How Leaders Can Make Better Decisions



How Leaders Can Make Better Decisions

By Mike W Bell



Today's business challenges cannot be resolved by logic and knowledge alone. Only leaders with wisdom can learn to make better decisions when faced with the conditions of what Doug Engelbart calls: "complexity multiplied by urgency."

As the evidence below shows, leaders are faced with a real challenge of how to make better decisions in a world that is continually changing. It seems that the tools and approaches they have learned are not adequate. They belong to a slower, simpler time but do not work well today. They are anchored in an out-dated worldview that sees people and organizations as machines.

As a result many leaders do not understand what is needed to make better decisions and take more effective action.

How do we best decide what is the most effective action?

"In an increasingly dynamic, interdependent and unpredictable world, it is simply no longer possible for anyone to figure it all out at the top" Peter Senge, "The Fifth Discipline."

What Peter Senge is describing here as dynamic, interdependent and unpredictable is one way to think about complexity. It was Karl Popper who popularised the distinction between problems that are clock and those that are clouds.

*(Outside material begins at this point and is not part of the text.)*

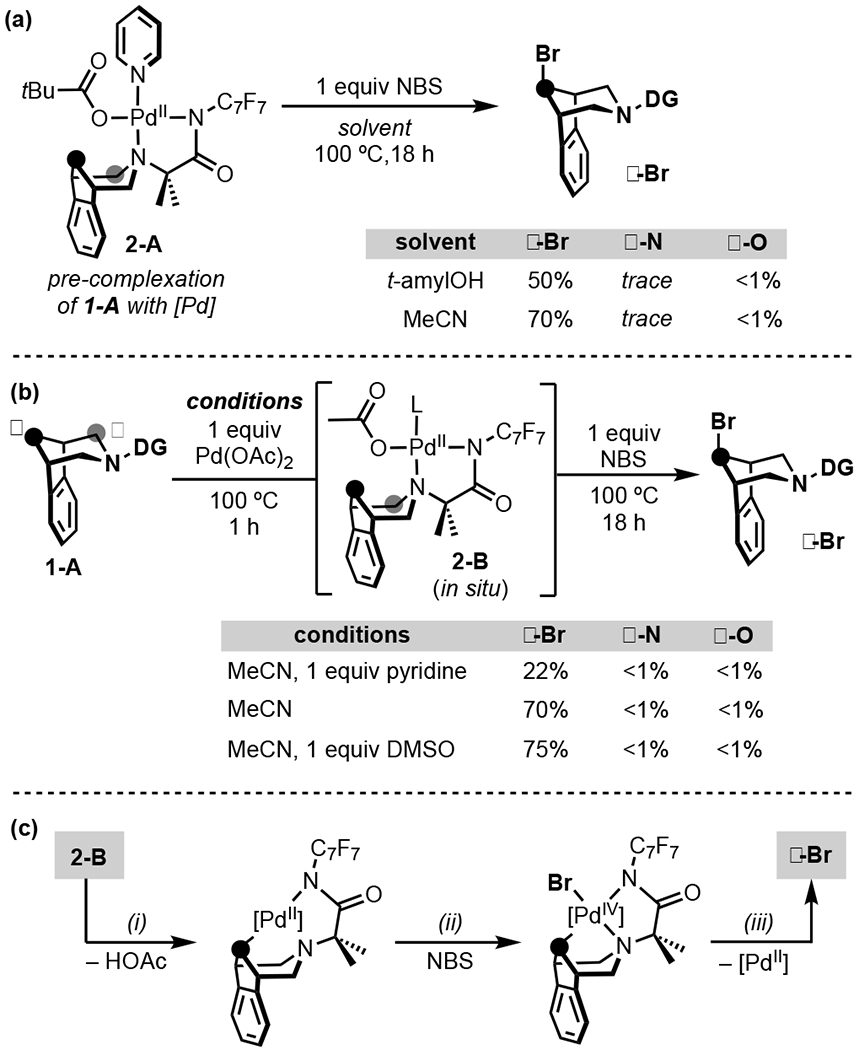 Scheme 3.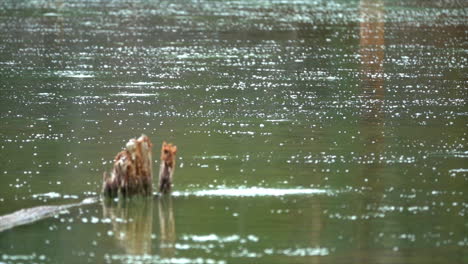 rain falls onto the surface of a pond in slow motion, with a dead half-submerged tree trunk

Clock problems relate to mechanical systems that are predictable and, if they break down, no matter how complicated, the cause and effect relationships can be understood and the broken parts replaced.

Most big problems in business are not 'clocks' however, they are more like clouds; they are complex - made up of myriad interconnected parts where the cause and effect relationship are almost impossible to understand (like a weather system) and predicting the outcomes of changes is very difficult and can have disastrous unforeseen consequences.

"Many change programmes fail - and the traditional assessment of failure is 75% of the attempts - often because they do not take into account that they are working with a living system and not a machine." - Professor Keith Grint, Professor of Public Leadership & Management at Warwick University, UK.

What is suggested here is that many decisions fail because they assume that the organization, market or ecosystem is a machine and complicated rather than a living system and complex. Complex systems do not yield to IQ, logic or deduction.

An additional challenge presented by human organizations is that they are also adaptive. They learn from past behaviours and change how they respond to a similar stimulus in the future. This adds to the difficulty in predicting outcomes with any degree of certainty.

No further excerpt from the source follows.